This post provided by Training-Conditioning
No one likes difficult situations. But in all likelihood, as a coach, you will come face to face with an unforeseen problem at some point during the season. How you respond is critical.
When it comes to facing complaints, Jenny McDowell, Head Volleyball Coach at Emory University, follows the advice she learned years ago from former University of Georgia Head Volleyball Coach Jim Iams. “He responded to criticism by saying, ‘You might be right,’” she says. “That was a famous Jim Iams line, and it usually ends the conversation.”
Steve Florio, Head Volleyball Coach at Indiana University-Purdue University Fort Wayne, is careful to follow the adage, “praise in public, criticize in private,” but it took a mistake to learn that strategy. During his first year as Head Coach of the Mastodons, he criticized a player in front of the team on the bus following a game. It ended up compromising his relationship with the rest of his players.
“Even though everything I said on the bus was accurate, it was unfair of me to say it in the forum I did,” Florio says. “As a result, I don’t know if I ever regained a whole lot of trust over the rest of that season. But I apologized to the player in front of the team, and nothing like that ever happened again.”
During tough game-time situations, Florio feels humor can sometimes help. He remembers a match in which Fort Wayne was down zero games to two in a tough nonconference contest prior to the league tournament. During the break between the second and third games, he gathered his players and commended them. “I really like what you’re doing out there—practicing coming from behind,” he told them. “We might have to do that in the conference tournament.”
That witty and unexpected comment helped the Mastodons relax, and the team went out and took the match to five games, losing the final one in extra points. “If you use humor sparingly,” Florio says, “it can go a long way.”
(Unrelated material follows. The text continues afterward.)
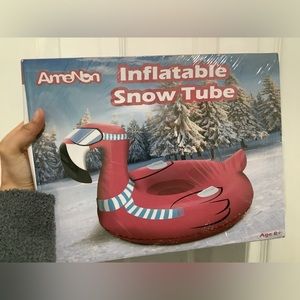 Amenon giant snow tube sledding float river (flamingo)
One last strategy involves putting communication on the back burner for a while. Last year, Stephanie Rivera, Head Volleyball Coach at Lutheran West High School in Rocky River, Ohio, announced plans to retire at the end of the season, and that led to some pressure to compile a third straight undefeated record in conference play. One win away from that milestone, the squad entered into hostile territory for a poorly officiated final regular-season game. Players on the opposing team dropped frequent f-bombs on the court and its fans were so inhospitable that the Longhorns needed to leave the gym via a back door after the game.
Lutheran West lost in five sets, as the team struggled with on-court communication and Rivera, in a rare display, lost her composure. The next day at practice, the coach opted to have her players “chill,” she says, hitting the weightroom and carving pumpkins. “We didn’t talk much about that game,” she says. “My players knew how I felt, and I didn’t want to belabor the point.”
That approach worked, as Lutheran West recovered and advanced farther in the playoffs than it had the previous five years. Sometimes, Rivera explains, communicating effectively means knowing when you don’t need to say anything at all.